Conservative peer Daniel Moylan, who chairs the committee, said: “Our inquiry found that the achievement of the government’s housing and environmental policies has been hampered and sometimes completely blocked by lack of coordination in policy-making and haphazard and unbalanced implementation.

“‘It has become clear that until the government reconciles its own policy goals, it will continue to constrain new housebuilding in the name of improving the environment without delivering that goal either.”

The report comes a day after the prime minister pledged a more “pragmatic, proportionate, and realistic” approach to the environment that “eased the burden on working people”.

The committee said the policy backdrop to housing and the environment was “confusing” and “unclear” and that government guidance had made the “situation worse, not better”.

It pointed to the “effective moratoria” on housebuilding as a result of official advice on water neutrality, which it said risked putting small developers in affected areas out of business.

The government’s failed plan to scale back environmental rules on water pollution to “unblock 100,000 homes” by 2030 was opposed by some bodies, with the the Royal Society for the Protection of Birds calling the rule change a “national scandal” that could cause “total ecological collapse” in some rivers.
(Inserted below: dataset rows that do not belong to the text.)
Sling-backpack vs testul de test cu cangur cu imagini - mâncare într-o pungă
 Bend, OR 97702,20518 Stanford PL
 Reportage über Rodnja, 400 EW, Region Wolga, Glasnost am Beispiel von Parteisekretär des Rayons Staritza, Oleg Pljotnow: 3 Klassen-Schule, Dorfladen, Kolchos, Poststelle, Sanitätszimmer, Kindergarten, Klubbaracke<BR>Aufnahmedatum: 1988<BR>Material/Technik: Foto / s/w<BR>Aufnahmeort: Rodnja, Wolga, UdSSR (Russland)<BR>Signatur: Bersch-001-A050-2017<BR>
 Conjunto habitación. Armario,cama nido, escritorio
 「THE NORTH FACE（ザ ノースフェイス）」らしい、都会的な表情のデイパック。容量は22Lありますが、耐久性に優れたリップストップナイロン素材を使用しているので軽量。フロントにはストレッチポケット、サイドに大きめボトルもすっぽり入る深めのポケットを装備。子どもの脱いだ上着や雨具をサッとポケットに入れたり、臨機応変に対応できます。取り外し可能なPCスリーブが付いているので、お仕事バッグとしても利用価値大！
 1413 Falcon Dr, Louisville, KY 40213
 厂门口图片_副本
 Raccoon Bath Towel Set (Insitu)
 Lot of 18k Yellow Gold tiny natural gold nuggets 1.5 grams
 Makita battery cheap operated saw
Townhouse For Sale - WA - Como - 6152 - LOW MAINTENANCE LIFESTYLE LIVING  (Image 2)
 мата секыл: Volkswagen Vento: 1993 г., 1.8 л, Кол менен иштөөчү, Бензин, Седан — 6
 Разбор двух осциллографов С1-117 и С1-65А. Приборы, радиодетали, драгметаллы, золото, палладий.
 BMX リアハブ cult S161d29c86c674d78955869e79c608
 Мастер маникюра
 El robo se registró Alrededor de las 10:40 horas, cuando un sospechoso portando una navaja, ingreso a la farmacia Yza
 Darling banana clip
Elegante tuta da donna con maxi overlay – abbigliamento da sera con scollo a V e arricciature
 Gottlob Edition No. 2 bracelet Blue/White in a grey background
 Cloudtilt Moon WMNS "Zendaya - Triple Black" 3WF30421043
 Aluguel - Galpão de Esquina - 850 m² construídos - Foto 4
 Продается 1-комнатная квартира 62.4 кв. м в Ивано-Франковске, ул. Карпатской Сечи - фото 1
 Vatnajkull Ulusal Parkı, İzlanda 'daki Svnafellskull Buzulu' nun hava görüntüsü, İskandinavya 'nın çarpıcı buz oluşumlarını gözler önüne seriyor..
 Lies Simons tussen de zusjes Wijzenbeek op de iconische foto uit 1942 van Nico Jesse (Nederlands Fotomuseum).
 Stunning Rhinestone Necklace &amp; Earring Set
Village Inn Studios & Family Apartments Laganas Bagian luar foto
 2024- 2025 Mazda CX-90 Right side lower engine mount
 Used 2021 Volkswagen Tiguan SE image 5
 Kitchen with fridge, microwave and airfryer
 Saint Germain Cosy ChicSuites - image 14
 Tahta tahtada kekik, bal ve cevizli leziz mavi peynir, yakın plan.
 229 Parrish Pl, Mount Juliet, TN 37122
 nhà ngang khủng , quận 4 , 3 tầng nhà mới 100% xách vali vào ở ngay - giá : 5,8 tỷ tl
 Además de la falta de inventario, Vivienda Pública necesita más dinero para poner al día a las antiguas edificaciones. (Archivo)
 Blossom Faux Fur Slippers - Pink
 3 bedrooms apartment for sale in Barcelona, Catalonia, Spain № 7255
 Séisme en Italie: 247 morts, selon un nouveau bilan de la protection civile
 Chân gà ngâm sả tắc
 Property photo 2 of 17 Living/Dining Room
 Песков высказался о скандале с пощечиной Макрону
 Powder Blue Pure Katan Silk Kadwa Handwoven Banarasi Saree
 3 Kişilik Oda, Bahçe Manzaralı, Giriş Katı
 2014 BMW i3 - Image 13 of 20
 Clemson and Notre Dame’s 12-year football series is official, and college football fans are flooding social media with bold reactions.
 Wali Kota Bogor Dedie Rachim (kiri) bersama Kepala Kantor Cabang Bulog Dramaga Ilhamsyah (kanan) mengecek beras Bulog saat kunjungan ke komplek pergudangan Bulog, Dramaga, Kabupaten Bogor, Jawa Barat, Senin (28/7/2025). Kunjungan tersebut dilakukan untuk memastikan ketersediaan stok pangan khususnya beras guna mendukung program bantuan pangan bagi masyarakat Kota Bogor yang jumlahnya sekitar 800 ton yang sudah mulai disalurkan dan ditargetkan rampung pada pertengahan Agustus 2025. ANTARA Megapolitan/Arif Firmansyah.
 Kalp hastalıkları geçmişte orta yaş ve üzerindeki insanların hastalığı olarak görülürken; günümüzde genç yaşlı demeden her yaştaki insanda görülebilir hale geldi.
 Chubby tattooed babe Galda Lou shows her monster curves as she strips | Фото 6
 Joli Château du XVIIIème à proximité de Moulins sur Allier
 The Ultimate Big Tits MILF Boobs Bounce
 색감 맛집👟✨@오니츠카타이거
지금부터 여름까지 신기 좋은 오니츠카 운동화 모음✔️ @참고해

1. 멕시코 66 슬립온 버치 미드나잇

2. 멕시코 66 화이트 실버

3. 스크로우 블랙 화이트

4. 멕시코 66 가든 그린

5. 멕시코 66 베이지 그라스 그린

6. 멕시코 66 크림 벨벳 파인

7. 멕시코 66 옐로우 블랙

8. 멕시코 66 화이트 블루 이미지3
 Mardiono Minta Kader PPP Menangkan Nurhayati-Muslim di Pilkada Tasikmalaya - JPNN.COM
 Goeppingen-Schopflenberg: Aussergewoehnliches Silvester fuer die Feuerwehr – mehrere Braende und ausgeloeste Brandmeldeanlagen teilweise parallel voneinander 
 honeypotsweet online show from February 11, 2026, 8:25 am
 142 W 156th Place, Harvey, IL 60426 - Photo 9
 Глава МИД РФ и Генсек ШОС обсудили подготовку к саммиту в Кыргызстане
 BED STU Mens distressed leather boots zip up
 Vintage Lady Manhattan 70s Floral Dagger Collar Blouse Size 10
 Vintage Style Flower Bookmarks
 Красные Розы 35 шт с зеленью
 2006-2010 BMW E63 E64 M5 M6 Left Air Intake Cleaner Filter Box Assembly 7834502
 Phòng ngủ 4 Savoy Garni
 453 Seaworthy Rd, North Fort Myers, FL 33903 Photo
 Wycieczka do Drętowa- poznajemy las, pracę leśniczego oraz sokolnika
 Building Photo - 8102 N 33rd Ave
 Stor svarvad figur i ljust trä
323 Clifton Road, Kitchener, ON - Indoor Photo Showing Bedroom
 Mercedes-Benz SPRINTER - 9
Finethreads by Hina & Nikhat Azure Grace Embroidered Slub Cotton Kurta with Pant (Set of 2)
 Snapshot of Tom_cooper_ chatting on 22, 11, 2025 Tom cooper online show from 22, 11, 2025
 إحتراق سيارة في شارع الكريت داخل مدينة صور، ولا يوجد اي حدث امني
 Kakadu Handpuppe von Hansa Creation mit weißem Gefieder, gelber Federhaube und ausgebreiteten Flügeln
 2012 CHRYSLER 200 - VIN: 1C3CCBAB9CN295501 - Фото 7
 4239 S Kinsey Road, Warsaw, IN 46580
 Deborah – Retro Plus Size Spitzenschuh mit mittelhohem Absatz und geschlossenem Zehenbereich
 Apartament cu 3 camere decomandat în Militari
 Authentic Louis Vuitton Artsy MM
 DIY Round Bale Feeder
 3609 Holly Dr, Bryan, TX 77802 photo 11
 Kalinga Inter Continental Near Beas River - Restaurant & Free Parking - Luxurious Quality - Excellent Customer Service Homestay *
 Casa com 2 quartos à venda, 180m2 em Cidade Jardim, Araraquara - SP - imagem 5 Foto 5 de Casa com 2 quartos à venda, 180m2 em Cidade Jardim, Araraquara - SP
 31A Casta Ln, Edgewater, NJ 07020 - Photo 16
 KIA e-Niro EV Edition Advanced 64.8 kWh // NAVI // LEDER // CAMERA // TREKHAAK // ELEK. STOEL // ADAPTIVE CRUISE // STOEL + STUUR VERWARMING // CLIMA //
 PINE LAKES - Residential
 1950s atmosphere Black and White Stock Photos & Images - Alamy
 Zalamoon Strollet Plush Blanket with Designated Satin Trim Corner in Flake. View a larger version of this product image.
The Office for Environmental Protection said the government had “not adequately explained how, alongside such weakening of environmental law, new policy measures will ensure it still meets its objectives for water quality”.

Housebuilders claimed the rule had blocked at least 100,000 new homes since 2019. But the plan to relax the rule was blocked by the House of Lords last week after it voted down the amendment to the Levelling Up and Regeneration Bill. The government is now considering how to carry out its planned boost to housebuilding while preserving waterways.

Evidence to the Lords committee suggests that recent Nature England advice on the nutrient, water and recreational applications of the Habitats Regulations put at risk the delivery of 45,000 homes a year.

A government spokesperson said: “We know we must work together to build the homes this country needs – tackling pollution at source while protecting and improving the environment. The recent reforms we set out would have unlocked 100,000 much-needed homes and delivered a significant package to restore waterways to leave our environment in a better state than we found it.

“We have already invested £10bn to increase housing supply since the start of this Parliament, including £1bn to unlock unloved brownfield sites, so we can build more of the right homes in the right places.

“We will now consider the committee’s findings and respond in due course.”